■ DIRECTIONS: Could the entries below be transcribed word for word, with the pictures omitted?

■ STUDY MATERIAL:

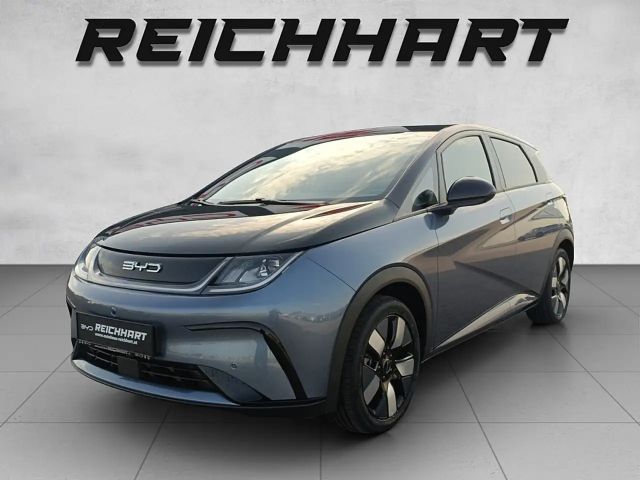 BYD Dolphin Design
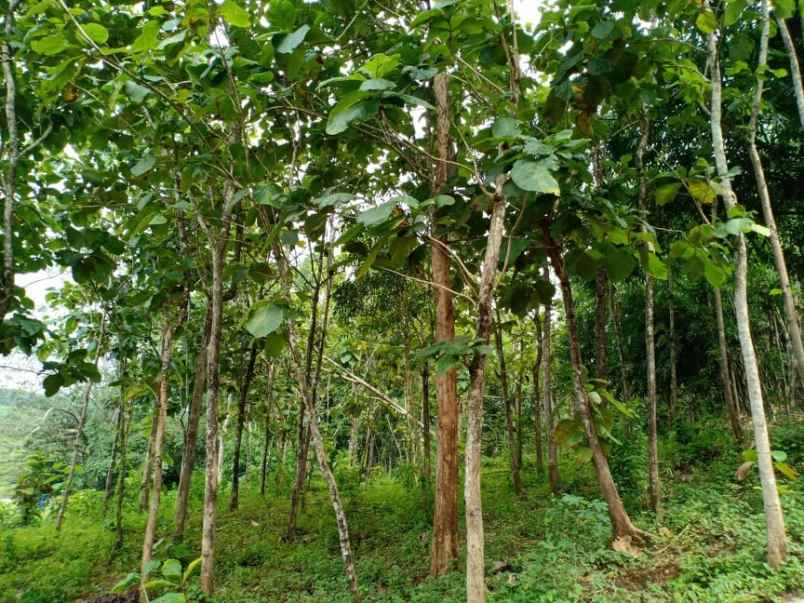 tanah utara pasar mojogedang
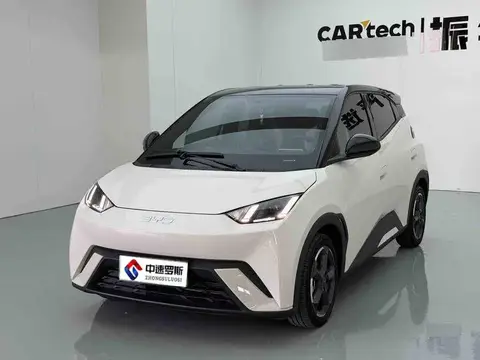 Seagull 2024 Glory Edition 305km Vitality Edition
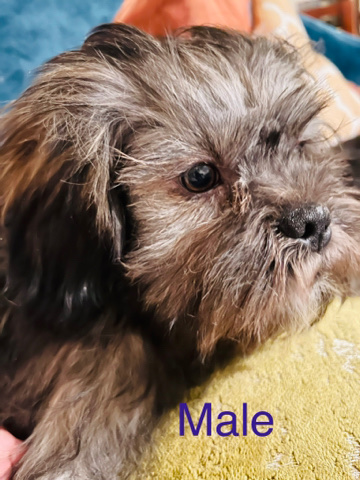 Shih Tzu – ShihTzu Puppies ready for loving home!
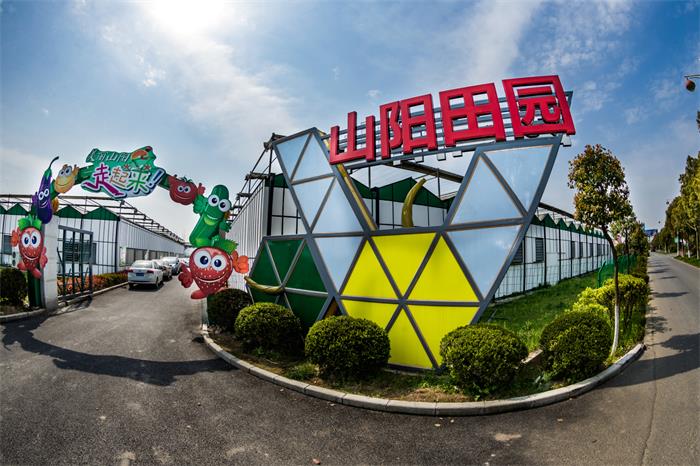 山阳田园(金山区新闻办供图)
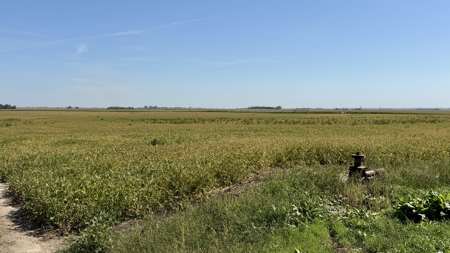 Irrigated Farm for Sale in Dawson County,  Nebraska - image 41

■ WRITTEN RESPONSE:
 BYD Dolphin Design
 tanah utara pasar mojogedang
 Seagull 2024 Glory Edition 305km Vitality Edition
 Shih Tzu – ShihTzu Puppies ready for loving home!
 山阳田园(金山区新闻办供图)
 Irrigated Farm for Sale in Dawson County,  Nebraska - image 41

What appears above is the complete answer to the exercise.